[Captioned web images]
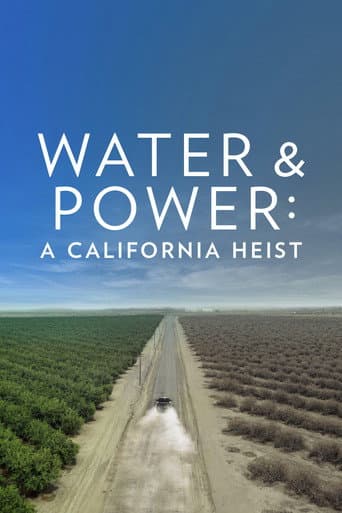 Kalifornien: Wasser und Macht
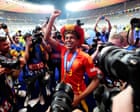 Skuad Spanyol Tanpa Pemain Real Madrid untuk Pertama Kali dalam Sejarah, Lamine Yamal Tetap Dipanggil Meski Cedera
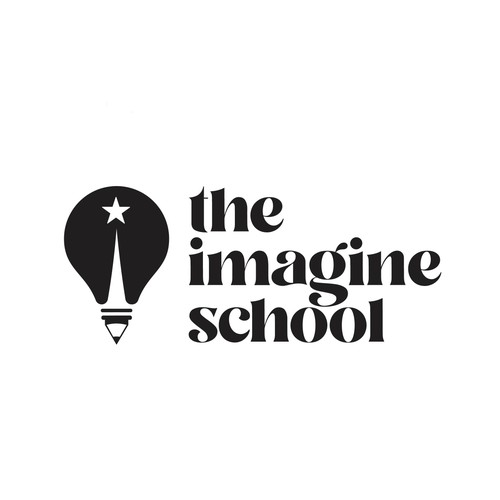 Design an innovative school logo that's elegant, inspiring, and fun! Réalisé par Yosia Sebastian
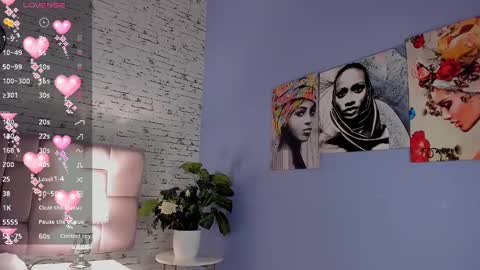 Snapshot of ari_sunshine chatting on February 15, 11:14 pm Ari online show from February 15, 11:14 pm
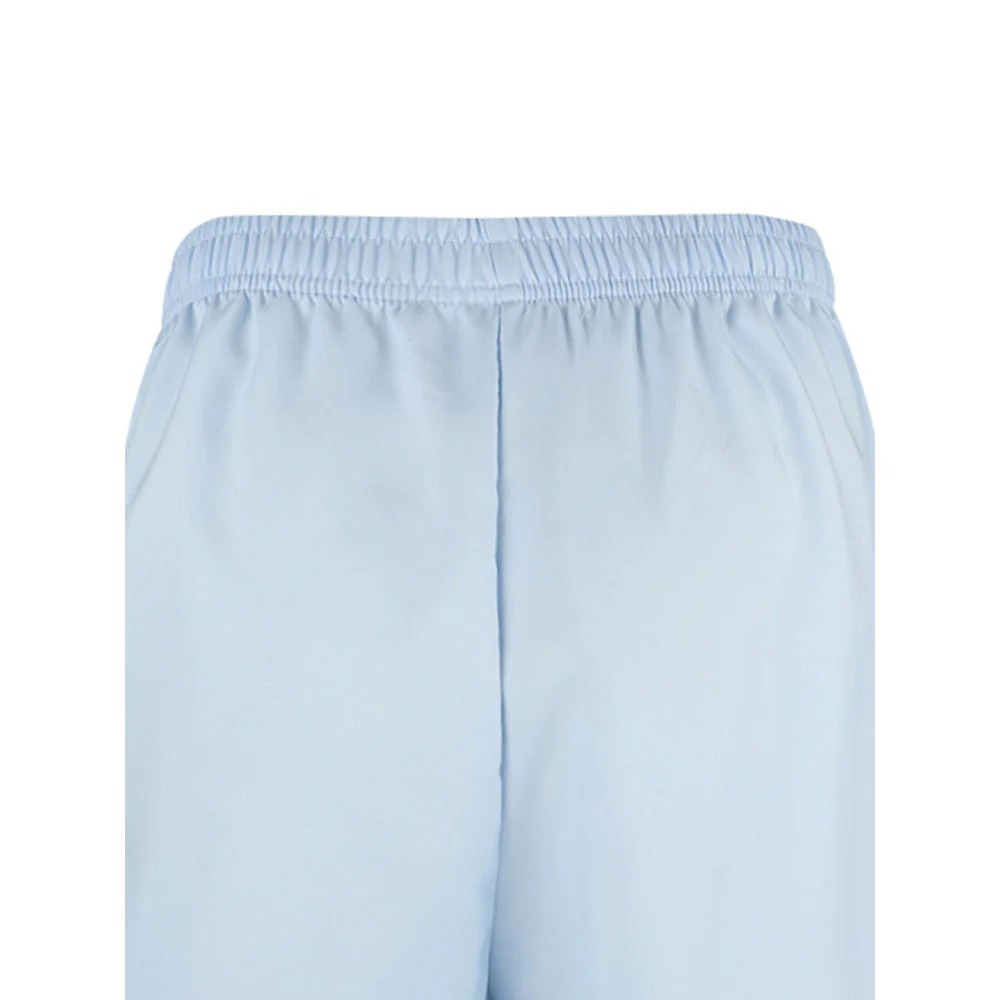 Мужские беговые шорты Spike SP24RUSTM048 — цвет синий, размер 2XL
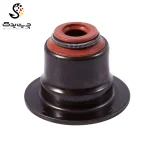 لاستیک ساق سوپاپ(گیت سوپاپ) بی ام دبلیو 750Li (اتاق وسط)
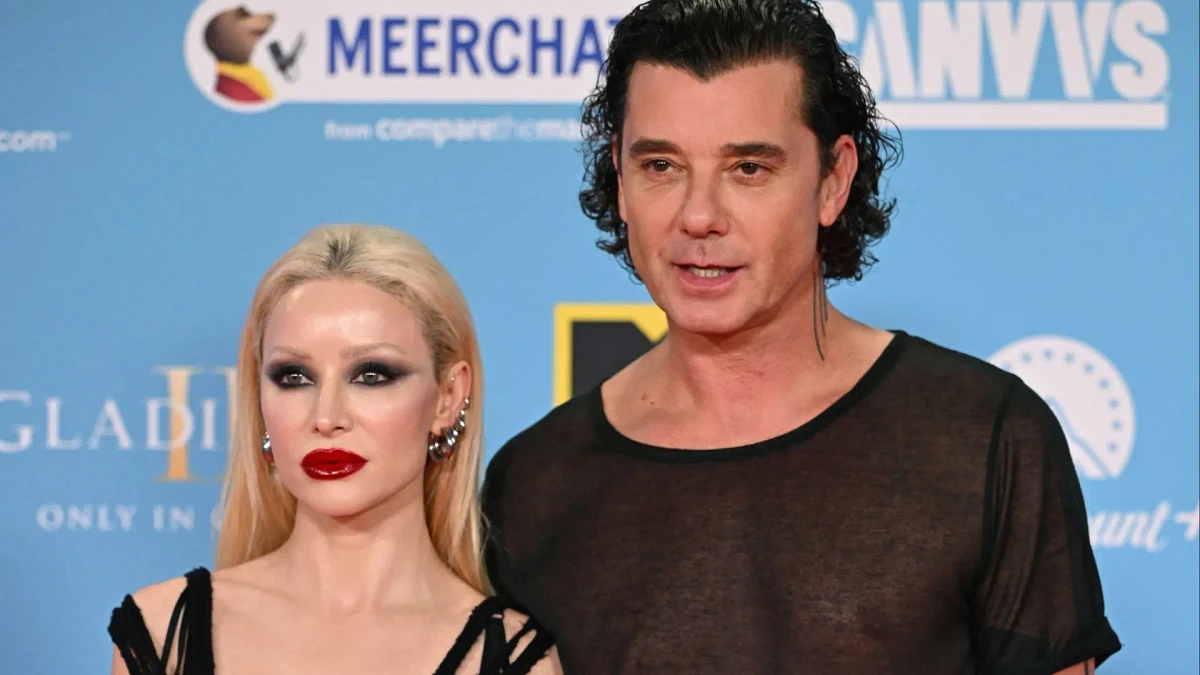 The celebs who date their exes' lookalikes - from Love Island star to Kate Moss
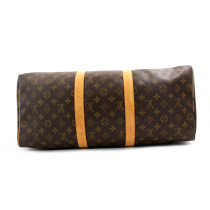 Louis Vuitton Keepall 50 Monogram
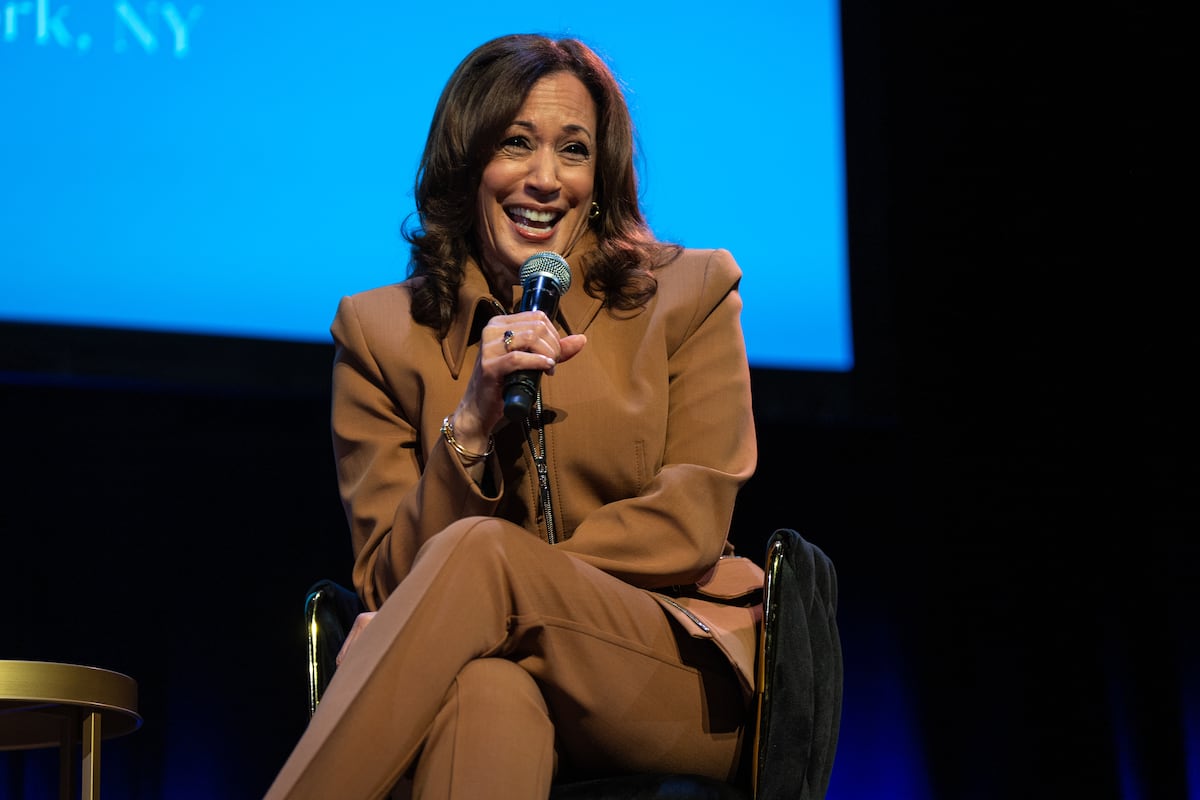 Kamala Harris: « Trump a donné à Netanyahu un chèque en blanc pour faire ce qu'il veut »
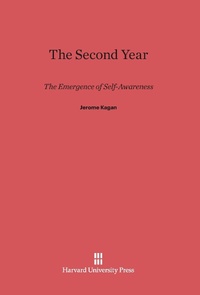 Enlarge image Cover: The Second Year - Harvard University Press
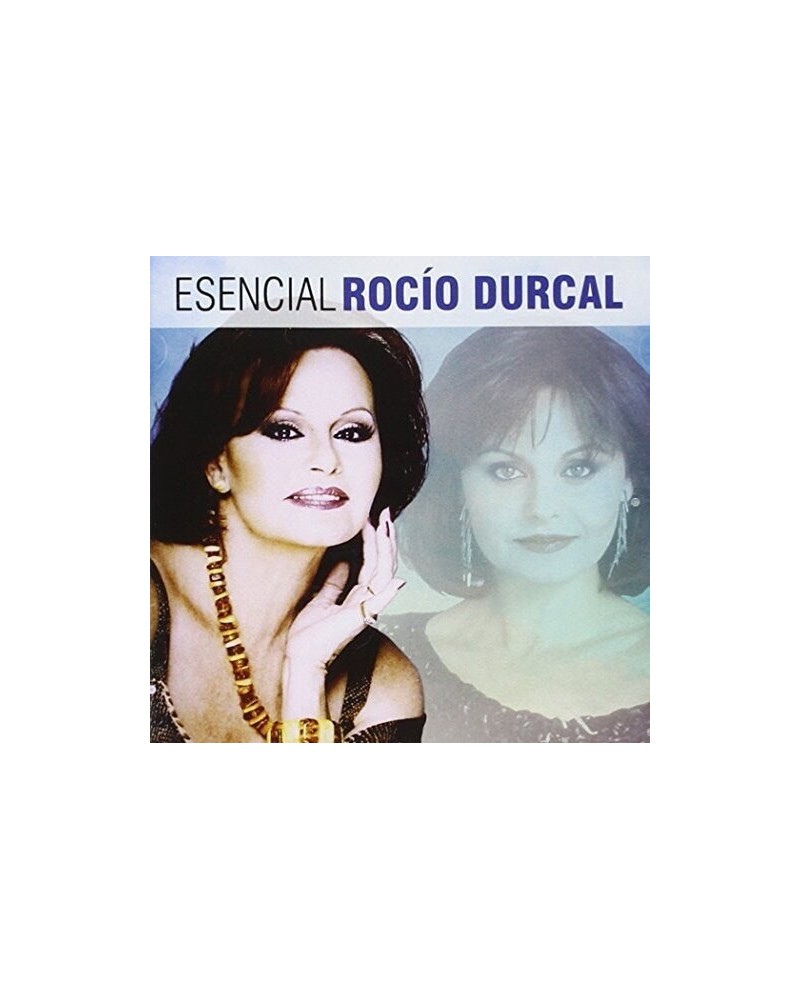 Rocío Dúrcal ESENCIAL ROCIO DURCAL CD $7.71 CD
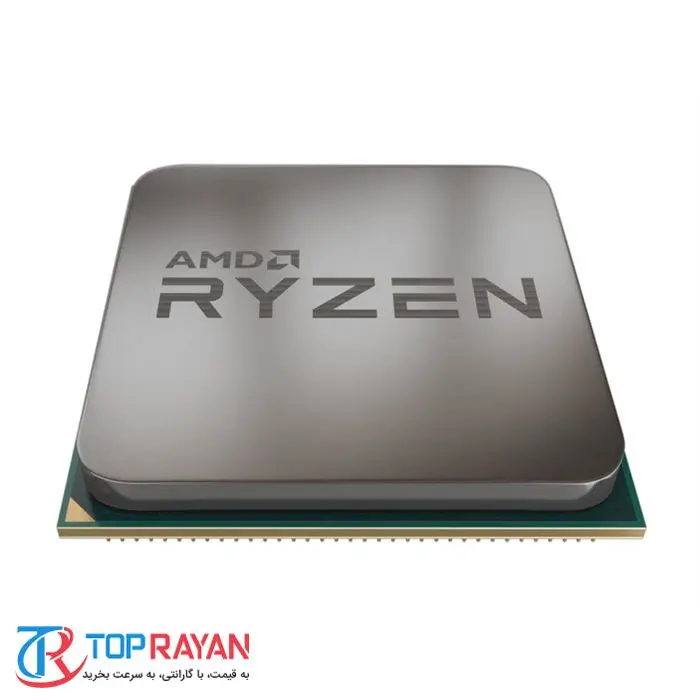 پردازنده باکس ای ام دی مدل RYZEN 7-3800XT فرکانس 3.9 گیگاهرتز -gallery-6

■ Directions: What you need to produce is an exact copy of the entries above, limited to the lines from the one with "Snapshot of ari_sunshine" up to and including the one with "Louis Vuitton Keepall 50 Monogram", without pictures.

■ Written solution:
 Snapshot of ari_sunshine chatting on February 15, 11:14 pm Ari online show from February 15, 11:14 pm
 Мужские беговые шорты Spike SP24RUSTM048 — цвет синий, размер 2XL
 لاستیک ساق سوپاپ(گیت سوپاپ) بی ام دبلیو 750Li (اتاق وسط)
 The celebs who date their exes' lookalikes - from Love Island star to Kate Moss
 Louis Vuitton Keepall 50 Monogram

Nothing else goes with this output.